THIS OPINION HAS NO PRECEDENTIAL VALUE.  IT SHOULD NOT BE CITED OR RELIED ON AS PRECEDENT IN ANY PROCEEDING EXCEPT AS PROVIDED BY RULE 268(d)(2), SCACR.

THE STATE OF SOUTH CAROLINA
In The Court of Appeals

South Carolina Department of Social Services, Respondent,

v.

Jenny M. and Monroe H., III, Defendants,

Of whom Jenny M. is the, Appellant.

In the interest of a minor child under the age of 18.


Appeal From Aiken County
Vicki J. Snelgrove, Family Court Judge


Unpublished Opinion No. 2011-UP-377 
Submitted July 1, 2011 – Filed July 25, 2011


AFFIRMED


George R. Hall, of Augusta, Georgia, for Appellant.

Dennis M. Gmerek, of Aiken, for Respondent.

Patrick A. McWilliams, of Aiken, for Guardian ad Litem.
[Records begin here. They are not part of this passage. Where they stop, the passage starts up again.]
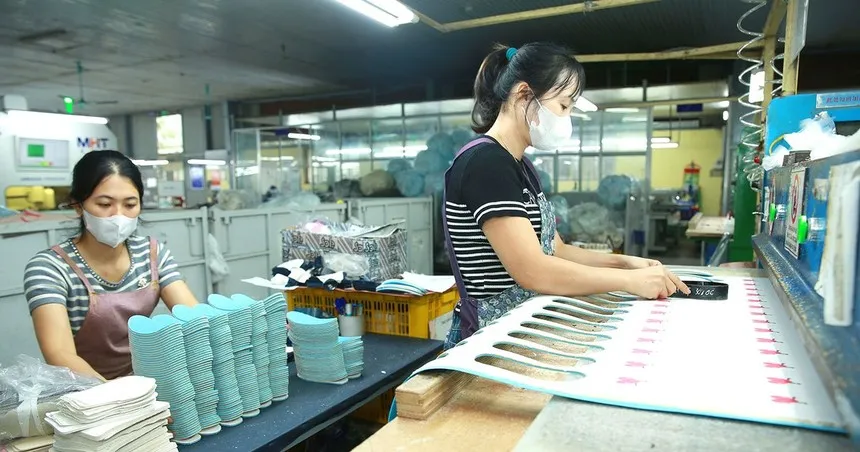 Doanh nghiệp có tổng doanh thu năm không quá 3 tỷ đồng được áp thuế thu nhập doanh nghiệp 15%, tổng doanh thu năm từ trên 3 tỷ đồng đến 50 tỷ đồng là 17%. Ảnh: Tiên Giang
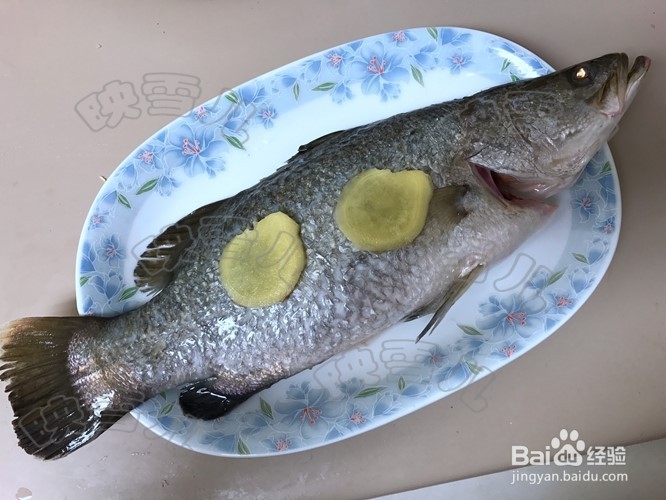用蒸鱼豉油蒸鱼的做法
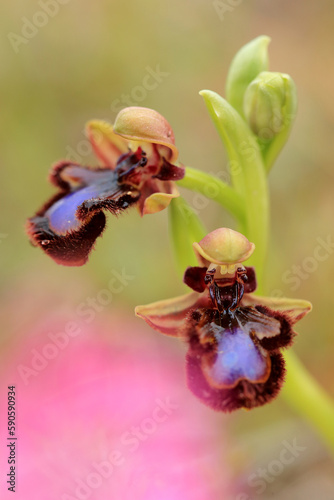 Obraz na płótnie The Mirror Orchid (Ophrys speculum) on a xerothermic grassland in the Peloponnese (Greece) w salonie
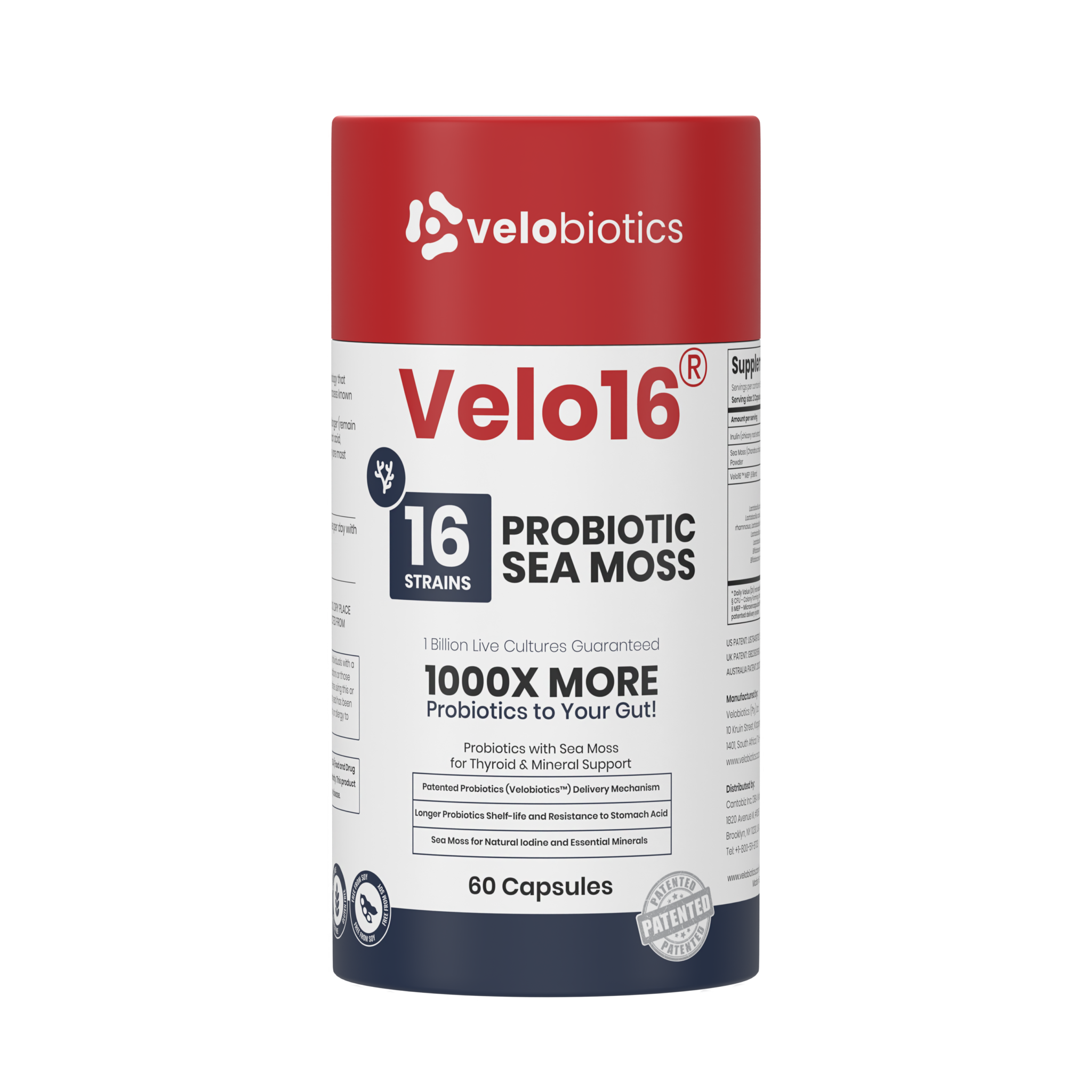 Velo16 Probiotics Sea Moss supplement with 16 strains, lion’s mane, and patented probiotics for gut and cognitive support.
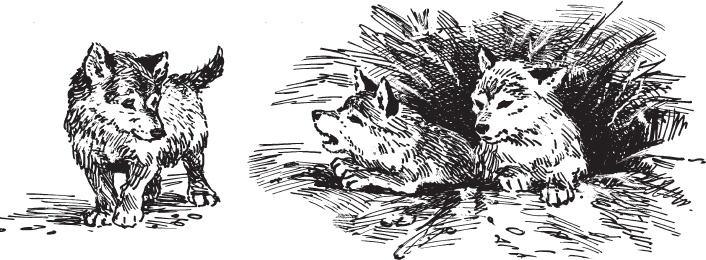 Иллюстрация к книге — Русский лес. С вопросами и ответами для почемучек [_57.jpg]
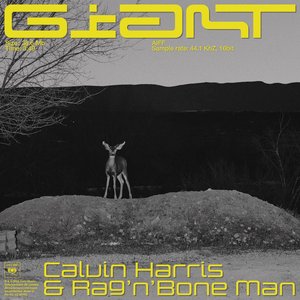 Image for 'Giant'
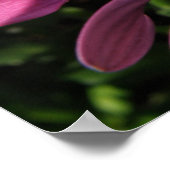 Lila Rain Daisy Print Poster (Ecke)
PER CURIAM: Jenny M. appeals from the family court's final order terminating her parental rights to her minor child.  See S.C. Code Ann. § 63-7-2570 (2010).  Upon a thorough review of the record and the family court's findings of fact and conclusions of law pursuant to Ex Parte Cauthen, 291 S.C. 465, 354 S.E.2d 381 (1987), we find no meritorious issues warrant briefing.  Accordingly, we affirm the family court's ruling.

AFFIRMED.[1]

WILLIAMS and GEATHERS, JJ., and CURETON, A.J., concur.


[1] We decide this case without oral argument pursuant to Rule 215, SCACR.